# How hard is it to rebuild a kitchen cabinet?



## Marti (Nov 22, 2010)

My dh & I are split on this, so I thought I'd seek the opinions of you experts. 

I am going to attempt to put a couple of pictures here too.

Our kitchen cabinets are custom, and well built. I think they are ash. They were built in 1983 and the style was probably popular at that time. The pantry cabinet is the depth of the base cabinets, about 2 feet, and about 5 feet tall. Above that is a cabinet the depth of the upper cabinets, about 1 foot, and it is about 20 inches tall. And at 5'2", I find it totally unusable. 

We are going to give the kitchen a facelift, keeping most of the cabinets, and my plan is to make the kitchen more user friendly. That user being me.

To that end, I want to pull the face frame off the shallow upper cabinet, take off the plate rail, build out the sides so they are the same as the pantry cabinet, and reattach the face frame. In addition, I want to to build that upper cabinet up to the ceiling. I'll have to build additional face frame. I have doors from the cabinet above the stove that will work there. I won't take down the fur down, just build the additional cabinet around it.
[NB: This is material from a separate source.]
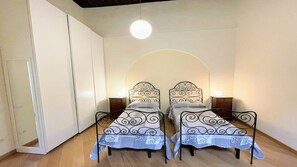 A room with two metal beds with ornate headboards, a white wardrobe, and a round ceiling light.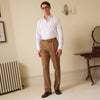 View 1 of product A man in glasses, a white dress shirt, Turnbull & Asser Tan Wool Pleated Jasper Trousers, and dark brown shoes stands in a light room with a radiator, antique desk, round mirror, and wall sconce.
Storage is an issue here and even though it won't gain much, it is better than a useless fur down.

Dh thinks it will be too much trouble to do that. He is also 6'4" and doesn't have a problem with upper cabinets.
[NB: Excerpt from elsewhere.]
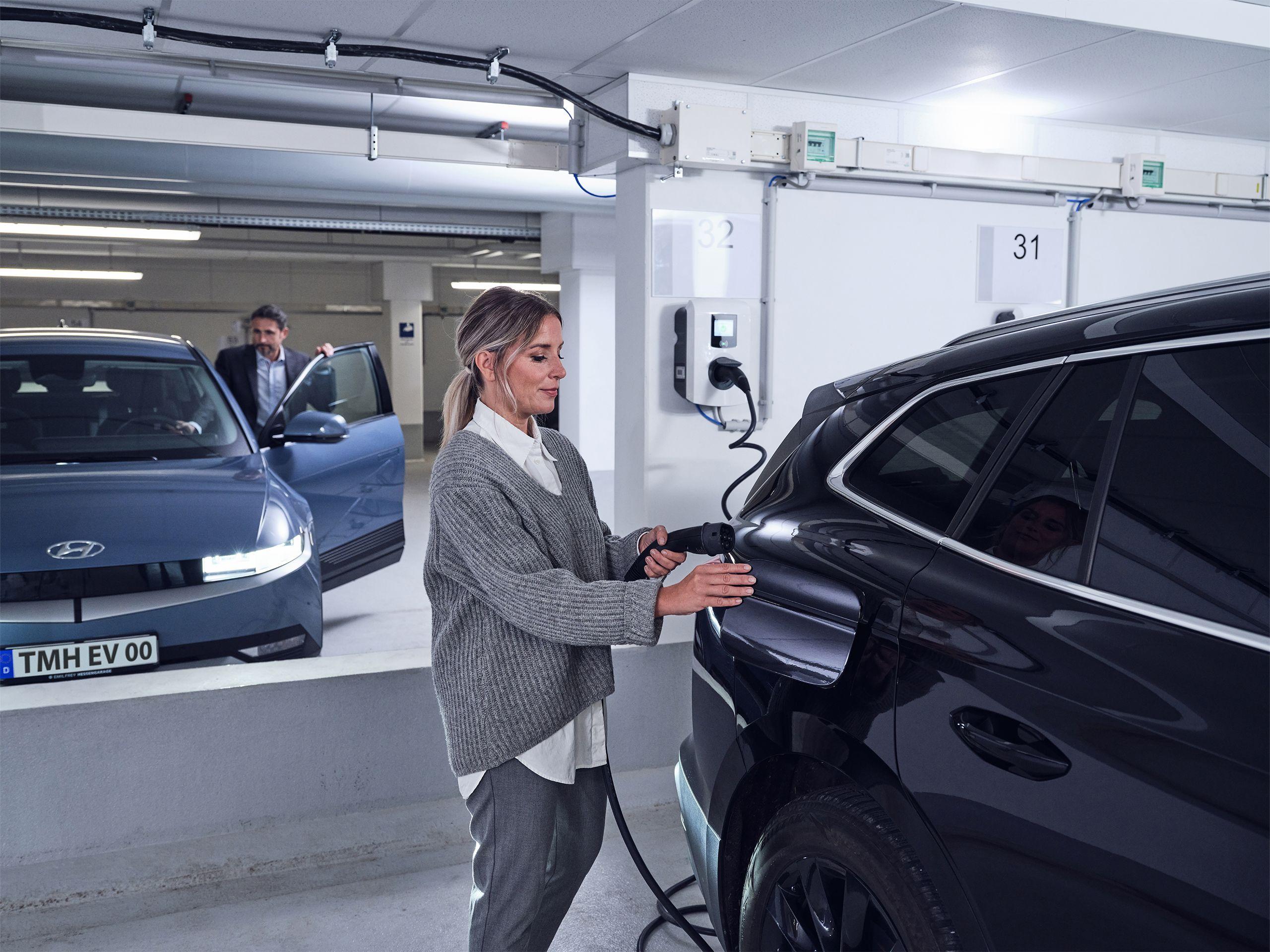 Frau steckt Ladekabel am Elektroauto an mit Kollege im Hintergrund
What do you think? Do-able? or not worth the effort?

Here was where I was going to add photos. But it's not working like I thought it would. I searched the FAQs and didn't find anything about photo size or how to put photos in posts. Could someone direct me please?

Thanks woodnthings. dh=dear husband, darling works too.

Wow, those are the smallest photo requirements I've ever seen. Hope you can see these. If not, I'll link to photobucket where the photos can be larger.

First photo is front view of cabinet. Second is from the side so you can see the setback of the upper. Third is a crude mock-up done in Paint to show what I want to do.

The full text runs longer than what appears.